Martin Luther King di fronte a Gaza
«Non posso starmene con le mani in mano ad Atlanta, senza curarmi di quel che succede a Birmingham. L’ingiustizia che si verifica in un luogo minaccia la giustizia ovunque…»
Il 16 aprile del 1963, il pastore battista Martin Luther King si trovava a Birmingham, in Alabama, per protestare contro la segregazione razziale che ancora vigeva nella città, nonostante le sentenze dei tribunali e le timide leggi che avrebbero dovuto vietarla.
Poche ore dopo essere entrato in città, King fu arrestato con la generica motivazione che la sua presenza avrebbe potuto causare disordini. La tesi fu avvalorata da alcuni pastori bianchi che in una lettera aperta accusarono il loro collega di essere un agitatore, andato a Birmingham per provocare inutili disordini in una città nella quale, secondo loro, vigeva una serena convivenza multirazziale. Con qualche citazione evangelica che difendeva il principio teologico del rispetto delle autorità e il valore dell’ordine pubblico, l’invito rivolto a King era a tornarsene al più presto ad Atlanta.
King fu molto amareggiato di questa lettera che veniva da colleghi che come lui, ogni domenica mattina, salivano sul pulpito di una chiesa per predicare l’evangelo della grazia, della libertà e della giustizia. Sdegnato, chiese una penna e della carta per rispondere ai suoi critici ma le autorità del carcere non gli diedero né l’una né l’altra. Prese allora della carta igienica e con la punta di una matita fortunosamente recuperata in cella, scrisse un testo fondamentale per la storia della nonviolenza: la lettera dal carcere di Birmingham.
«Non posso starmene con le mani in mano ad Atlanta, senza curarmi di quel che succede a Birmingham – scrisse –. L’ingiustizia che si verifica in un luogo minaccia la giustizia ovunque…
Voi deplorate le manifestazioni che hanno luogo a Birmingham. Ma mi duole dire che la vostra dichiarazione non esprime analoga preoccupazione per le situazioni che hanno provocato le manifestazioni… È deplorevole che a Birmingham abbiano luogo le manifestazioni, ma è ancor più deplorevole che in questa città la struttura di potere dei bianchi non abbia lasciato alla comunità nera nessun’altra scelta… Perché optare per l’azione diretta? Perché i sit-in, i cortei e così via? Non è forse meglio percorrere la via del negoziato? L’azione diretta nonviolenta cerca di creare una crisi così acuta, da suscitare una tensione così insopportabile, da costringere una comunità, che si è sempre rifiutata di trattare, ad affrontare la situazione. L’azione diretta nonviolenta cerca di accentuare gli aspetti drammatici del problema in modo tale che non si possa più ignorarlo… Sappiamo per dolorosa esperienza che l’oppressore non concede mai la libertà per decisione spontanea: sono gli oppressi che devono esigere di ottenerla… Da anni sento dire la parola “Aspettate!”, che risuona all’orecchio di ogni nero con stridente familiarità. Questo “Aspettate” significa quasi sempre “Mai”».

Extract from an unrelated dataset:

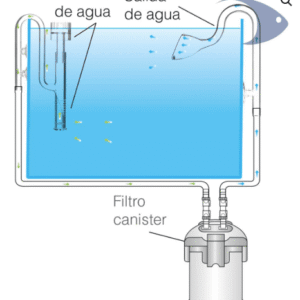Lily Pipe de cristal curvado + skimmer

Questo, King nel 1963. Oggi, di fronte al dramma di Gaza, alle paure degli israeliani e della disperazione dei palestinesi non sappiamo che cosa avrebbe detto o fatto Martin Luther King. Ma se ha senso fare memoria della sua testimonianza e del suo sacrificio, possiamo provare a sostituire Birmingham con Gaza. Ed è impressionante come quelle parole pronunciate nel 1963 possano suonare attuali e appropriate in riferimento a quello che è accaduto nei mesi scorsi e sta accadendo in queste ore. Le donne e gli uomini della Global Sumud Flotilla che hanno cercato di avvicinarsi a Gaza per rompere l’isolamento imposto da Israele a milioni di civili palestinesi hanno dato vita a un’azione diretta nonviolenta che ricalca il modello di mobilitazione che fu di King e del movimento per i diritti civili.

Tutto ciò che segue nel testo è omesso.